Since the dawn of computerized word processing scholars have rightfully expressed alarm that such drafts of works in progress will be completely expunged by technology. Andrew Motion, in an essay entitled Saving writers’ manuscripts for the nation published in the online edition of the Times Literary Supplement, writes,
“A manuscript can show the cancellations, the substitutions, the shifting towards the ultimate form and the final meaning. A notebook, simply by being a fixed sequence of pages, can supply evidence of chronology. Unpublished work, unfinished work, even notes towards unwritten work all contribute to our knowledge of a writer’s intentions; his letters and diaries add to what we know of his life and the circumstances in which he wrote.”
And poet Kevin Stein, in a Kenyon Review article called Death by 0s and 1s, says,
“What eventually finds its way into literary archives may well be altered over time. Today it’s the poet’s worksheets, manuscripts, drafts, and letters – maybe even her notebooks and scribbled back-of-the-envelope verses.

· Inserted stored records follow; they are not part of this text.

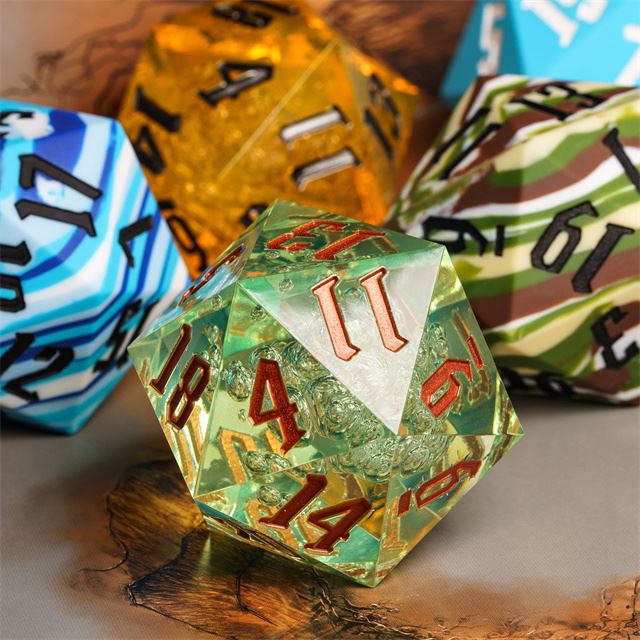 Bubbles in Clear & Green Sharp Acrylic - D20 RPG Dice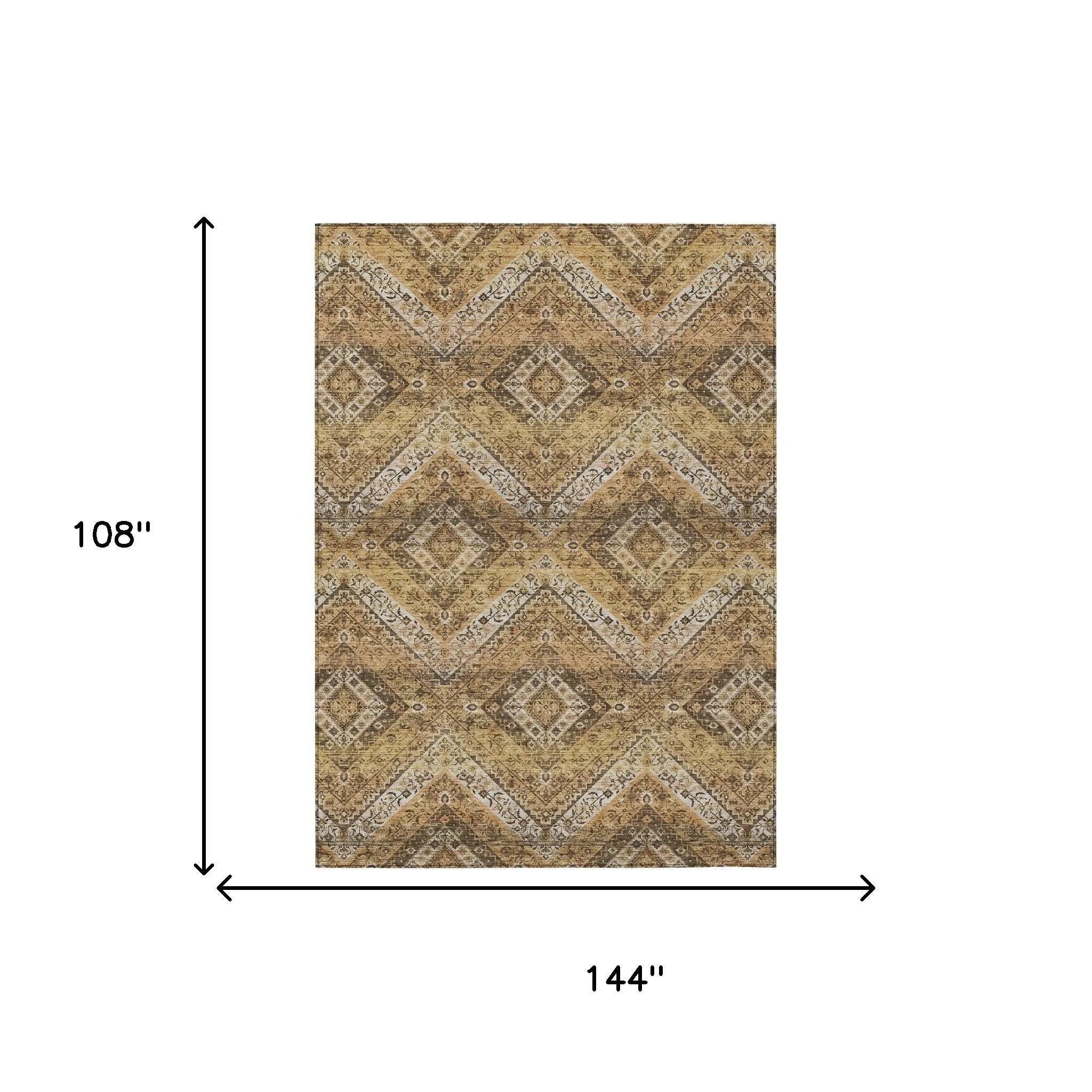 9' X 12' Copper And Khaki Tribal Washable Indoor Outdoor Area Rug Homeroots Outdoor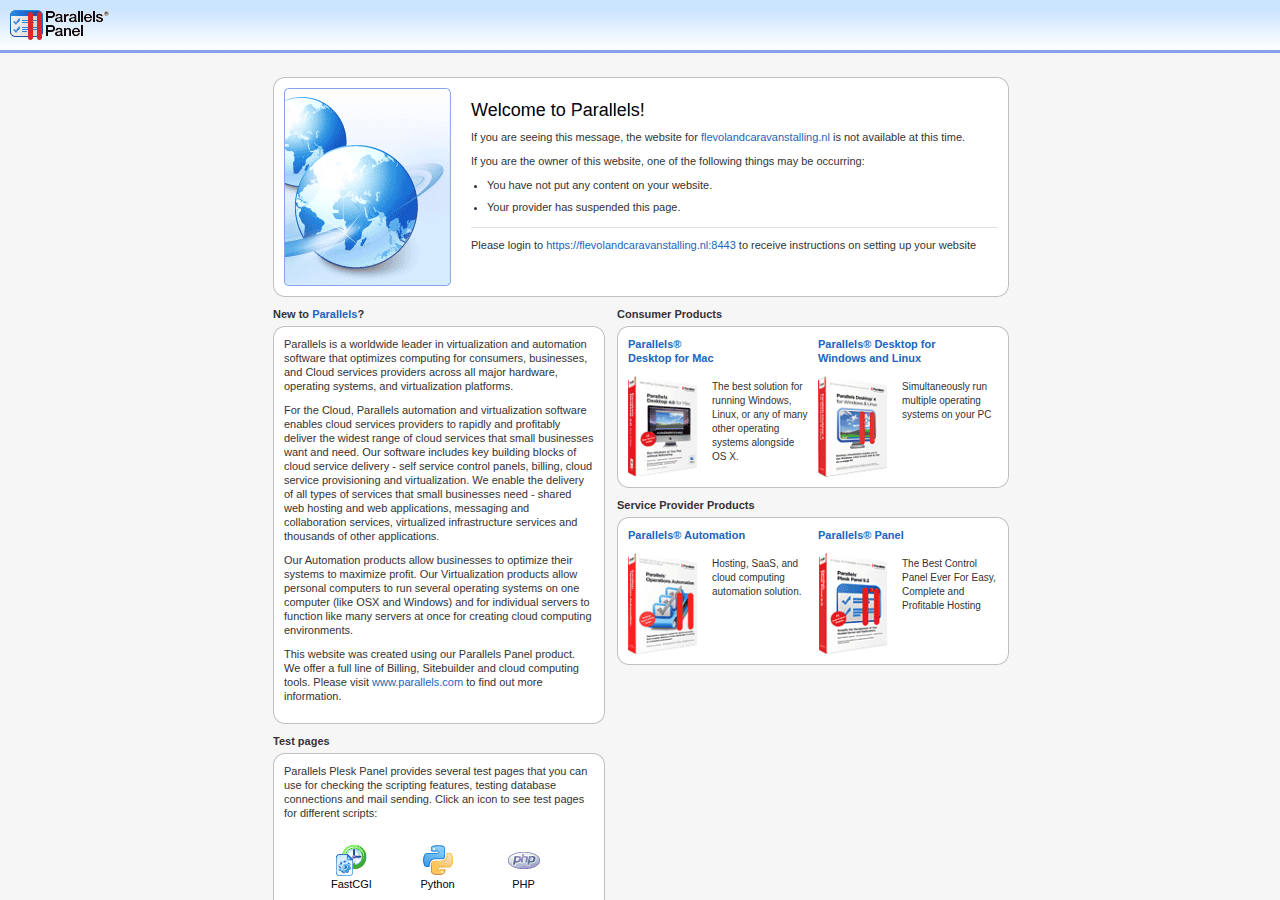 Screenshot of flevolandcaravanstalling.nl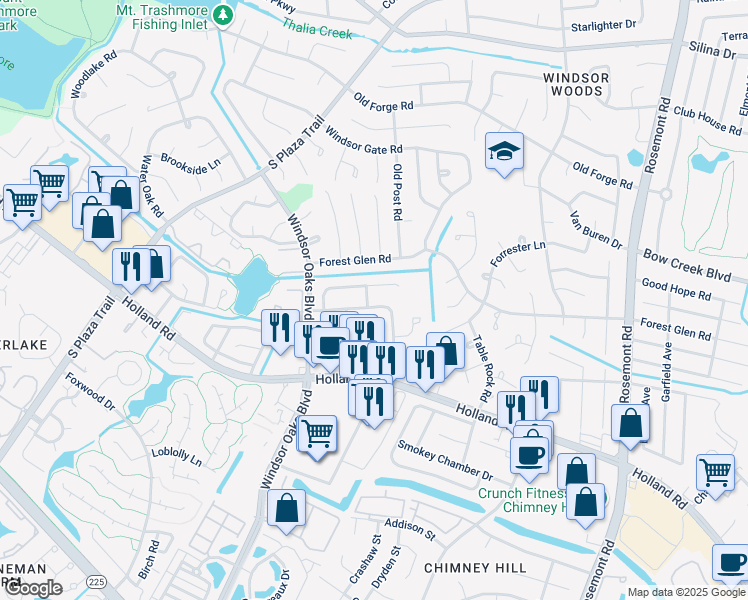 map of restaurants, bars, coffee shops, grocery stores, and more near 592 Registry Lane in Virginia Beach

Given the above, however, one wonders if soon computer diskettes and flash drives will become germane to the notion of literary “papers.” Those media carry new poems and drafts that never made their way onto paper, so they carry invaluable digital cargo. Sure, hard copy drafts may be printed from each for storing in special collections, but what does it mean to take the original and present it in form the author never felt comfortable enough to give it? Maybe the poem as digital object must be retained as such.
Happily, revision control software exists enabling authors, editors, scholars and students to track iterations and save them for future analysts. Though not nearly as thrilling as standing inside of Walt Whitman’s mind as he constructs, deconstructs and reconstructs “Song of Myself”, at least the process will not be lost to us entirely, as it was in danger of doing in the early years of word processing.
But now there’s something just as ominous to worry about. “Consider”, we read in Amazon Kindle = Privacy FAIL by a blogger named Stephanie, “what might happen if a scholar releases a book on radical Islam exclusively in a digital format.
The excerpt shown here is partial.